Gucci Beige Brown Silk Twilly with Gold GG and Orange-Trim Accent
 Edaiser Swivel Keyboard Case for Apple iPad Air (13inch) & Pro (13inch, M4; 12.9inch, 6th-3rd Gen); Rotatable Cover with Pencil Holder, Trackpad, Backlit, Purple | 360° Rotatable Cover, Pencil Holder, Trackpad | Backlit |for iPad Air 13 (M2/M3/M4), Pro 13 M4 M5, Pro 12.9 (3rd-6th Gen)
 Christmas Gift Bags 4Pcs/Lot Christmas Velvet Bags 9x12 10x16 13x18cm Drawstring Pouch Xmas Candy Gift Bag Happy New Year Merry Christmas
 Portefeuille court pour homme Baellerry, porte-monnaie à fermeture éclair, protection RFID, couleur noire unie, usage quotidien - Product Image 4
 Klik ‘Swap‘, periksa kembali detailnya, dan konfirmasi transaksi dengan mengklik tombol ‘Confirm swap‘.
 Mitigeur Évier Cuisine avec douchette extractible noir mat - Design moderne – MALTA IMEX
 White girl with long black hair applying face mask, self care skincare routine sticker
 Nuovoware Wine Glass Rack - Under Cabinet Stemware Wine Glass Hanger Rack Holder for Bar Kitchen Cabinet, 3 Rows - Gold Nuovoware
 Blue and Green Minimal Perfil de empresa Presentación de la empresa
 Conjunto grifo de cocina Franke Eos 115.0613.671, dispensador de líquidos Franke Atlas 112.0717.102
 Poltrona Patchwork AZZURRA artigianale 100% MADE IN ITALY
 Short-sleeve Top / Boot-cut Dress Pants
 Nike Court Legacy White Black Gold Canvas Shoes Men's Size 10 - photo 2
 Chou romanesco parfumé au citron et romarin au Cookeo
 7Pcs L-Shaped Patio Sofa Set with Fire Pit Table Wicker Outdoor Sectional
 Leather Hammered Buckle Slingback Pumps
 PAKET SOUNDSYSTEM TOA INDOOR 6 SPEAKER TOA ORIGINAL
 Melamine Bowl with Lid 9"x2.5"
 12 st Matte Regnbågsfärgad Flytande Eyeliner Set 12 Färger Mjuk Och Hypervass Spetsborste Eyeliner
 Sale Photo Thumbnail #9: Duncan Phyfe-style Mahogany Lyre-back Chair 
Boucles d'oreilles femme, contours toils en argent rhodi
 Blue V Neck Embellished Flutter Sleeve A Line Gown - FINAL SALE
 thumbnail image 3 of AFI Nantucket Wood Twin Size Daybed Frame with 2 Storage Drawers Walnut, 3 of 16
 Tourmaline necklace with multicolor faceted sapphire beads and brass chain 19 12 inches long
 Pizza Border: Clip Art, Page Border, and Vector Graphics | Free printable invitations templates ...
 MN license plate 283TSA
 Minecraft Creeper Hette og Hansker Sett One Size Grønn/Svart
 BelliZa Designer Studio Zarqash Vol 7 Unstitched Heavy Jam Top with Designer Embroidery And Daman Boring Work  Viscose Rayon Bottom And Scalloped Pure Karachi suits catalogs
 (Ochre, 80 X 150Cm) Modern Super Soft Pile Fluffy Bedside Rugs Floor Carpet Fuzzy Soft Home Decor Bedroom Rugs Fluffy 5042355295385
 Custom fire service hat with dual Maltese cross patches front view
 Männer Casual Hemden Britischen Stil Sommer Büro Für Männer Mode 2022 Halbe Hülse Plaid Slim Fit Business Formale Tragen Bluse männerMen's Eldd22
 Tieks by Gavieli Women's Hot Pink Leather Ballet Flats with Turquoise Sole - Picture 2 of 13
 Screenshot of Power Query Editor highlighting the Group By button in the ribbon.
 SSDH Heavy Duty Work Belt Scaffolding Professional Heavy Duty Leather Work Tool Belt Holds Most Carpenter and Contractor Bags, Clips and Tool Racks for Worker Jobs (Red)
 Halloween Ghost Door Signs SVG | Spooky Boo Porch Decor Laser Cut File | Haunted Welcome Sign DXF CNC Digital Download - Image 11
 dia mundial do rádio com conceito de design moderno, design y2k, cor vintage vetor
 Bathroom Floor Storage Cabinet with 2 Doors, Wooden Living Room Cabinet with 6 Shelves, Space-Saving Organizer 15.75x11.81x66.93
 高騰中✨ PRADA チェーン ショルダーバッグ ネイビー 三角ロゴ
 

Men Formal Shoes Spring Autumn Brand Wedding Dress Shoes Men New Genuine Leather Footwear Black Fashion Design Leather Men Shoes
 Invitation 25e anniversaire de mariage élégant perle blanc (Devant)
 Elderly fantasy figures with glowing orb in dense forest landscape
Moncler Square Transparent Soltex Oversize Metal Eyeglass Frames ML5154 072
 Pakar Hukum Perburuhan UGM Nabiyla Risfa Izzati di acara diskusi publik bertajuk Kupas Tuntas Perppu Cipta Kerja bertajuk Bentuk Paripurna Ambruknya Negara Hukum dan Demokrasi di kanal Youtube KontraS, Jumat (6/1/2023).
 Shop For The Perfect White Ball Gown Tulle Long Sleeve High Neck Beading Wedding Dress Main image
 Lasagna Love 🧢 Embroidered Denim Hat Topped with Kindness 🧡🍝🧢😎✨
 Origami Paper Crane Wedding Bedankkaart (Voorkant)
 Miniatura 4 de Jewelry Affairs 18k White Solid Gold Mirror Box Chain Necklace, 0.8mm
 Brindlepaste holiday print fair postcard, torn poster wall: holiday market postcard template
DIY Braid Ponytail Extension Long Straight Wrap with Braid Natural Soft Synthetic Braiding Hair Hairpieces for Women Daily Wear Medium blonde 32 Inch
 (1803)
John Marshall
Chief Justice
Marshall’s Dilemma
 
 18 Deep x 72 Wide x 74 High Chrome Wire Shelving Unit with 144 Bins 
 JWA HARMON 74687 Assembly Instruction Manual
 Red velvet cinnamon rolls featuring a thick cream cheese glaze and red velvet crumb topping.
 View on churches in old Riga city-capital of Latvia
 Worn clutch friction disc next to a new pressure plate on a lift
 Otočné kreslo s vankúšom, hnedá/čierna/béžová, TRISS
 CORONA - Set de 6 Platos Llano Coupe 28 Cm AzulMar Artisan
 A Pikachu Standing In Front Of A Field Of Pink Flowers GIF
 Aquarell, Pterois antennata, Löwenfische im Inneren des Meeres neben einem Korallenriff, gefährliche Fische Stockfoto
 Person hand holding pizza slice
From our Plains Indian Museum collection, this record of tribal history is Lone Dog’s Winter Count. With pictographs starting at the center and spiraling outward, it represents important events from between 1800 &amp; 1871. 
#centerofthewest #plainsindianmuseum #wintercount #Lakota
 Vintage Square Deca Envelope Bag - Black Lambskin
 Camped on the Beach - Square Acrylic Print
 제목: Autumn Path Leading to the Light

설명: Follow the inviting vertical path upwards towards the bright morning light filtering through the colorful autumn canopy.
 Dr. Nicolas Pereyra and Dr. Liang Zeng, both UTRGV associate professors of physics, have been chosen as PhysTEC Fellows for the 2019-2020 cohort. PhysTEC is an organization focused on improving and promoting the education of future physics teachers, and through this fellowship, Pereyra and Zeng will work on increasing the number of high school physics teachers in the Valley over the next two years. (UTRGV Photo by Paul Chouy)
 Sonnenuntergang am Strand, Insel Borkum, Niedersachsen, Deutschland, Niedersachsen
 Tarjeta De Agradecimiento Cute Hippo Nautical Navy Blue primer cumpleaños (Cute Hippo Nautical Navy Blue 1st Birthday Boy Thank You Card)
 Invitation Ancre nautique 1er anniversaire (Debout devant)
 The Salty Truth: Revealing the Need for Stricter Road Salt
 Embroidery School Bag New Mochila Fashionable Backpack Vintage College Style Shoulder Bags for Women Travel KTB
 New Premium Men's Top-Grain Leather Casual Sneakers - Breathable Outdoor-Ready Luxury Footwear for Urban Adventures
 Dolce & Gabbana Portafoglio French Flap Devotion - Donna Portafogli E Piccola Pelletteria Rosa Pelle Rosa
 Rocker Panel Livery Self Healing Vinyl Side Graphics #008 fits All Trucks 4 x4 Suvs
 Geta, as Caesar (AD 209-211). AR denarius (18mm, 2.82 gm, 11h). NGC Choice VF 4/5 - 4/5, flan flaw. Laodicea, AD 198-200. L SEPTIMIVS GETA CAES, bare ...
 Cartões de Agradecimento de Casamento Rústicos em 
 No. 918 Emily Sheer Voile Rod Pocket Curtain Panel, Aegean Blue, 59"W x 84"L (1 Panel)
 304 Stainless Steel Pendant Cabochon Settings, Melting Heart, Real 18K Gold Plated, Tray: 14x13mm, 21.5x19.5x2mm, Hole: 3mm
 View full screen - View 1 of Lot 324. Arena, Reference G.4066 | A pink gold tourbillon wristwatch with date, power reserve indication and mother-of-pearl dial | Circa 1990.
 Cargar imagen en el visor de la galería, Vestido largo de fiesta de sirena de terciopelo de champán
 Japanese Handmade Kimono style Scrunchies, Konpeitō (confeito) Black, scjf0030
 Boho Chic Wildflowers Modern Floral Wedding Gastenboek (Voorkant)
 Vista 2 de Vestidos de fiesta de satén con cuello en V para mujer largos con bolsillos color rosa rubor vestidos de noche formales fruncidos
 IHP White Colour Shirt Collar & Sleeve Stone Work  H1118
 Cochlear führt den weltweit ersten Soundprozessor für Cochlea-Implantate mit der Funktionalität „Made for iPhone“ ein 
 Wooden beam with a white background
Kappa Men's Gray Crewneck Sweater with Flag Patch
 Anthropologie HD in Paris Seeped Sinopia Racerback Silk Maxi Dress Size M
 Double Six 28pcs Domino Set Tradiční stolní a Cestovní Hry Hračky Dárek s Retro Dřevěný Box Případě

----

### BRIEF
Return exactly, and only, the lines above starting at the line that contains "Chief Justice" and ending at the line that contains "A Pikachu Standing".

### EXPECTED ANSWER
Chief Justice
Marshall’s Dilemma
 
 18 Deep x 72 Wide x 74 High Chrome Wire Shelving Unit with 144 Bins 
 JWA HARMON 74687 Assembly Instruction Manual
 Red velvet cinnamon rolls featuring a thick cream cheese glaze and red velvet crumb topping.
 View on churches in old Riga city-capital of Latvia
 Worn clutch friction disc next to a new pressure plate on a lift
 Otočné kreslo s vankúšom, hnedá/čierna/béžová, TRISS
 CORONA - Set de 6 Platos Llano Coupe 28 Cm AzulMar Artisan
 A Pikachu Standing In Front Of A Field Of Pink Flowers GIF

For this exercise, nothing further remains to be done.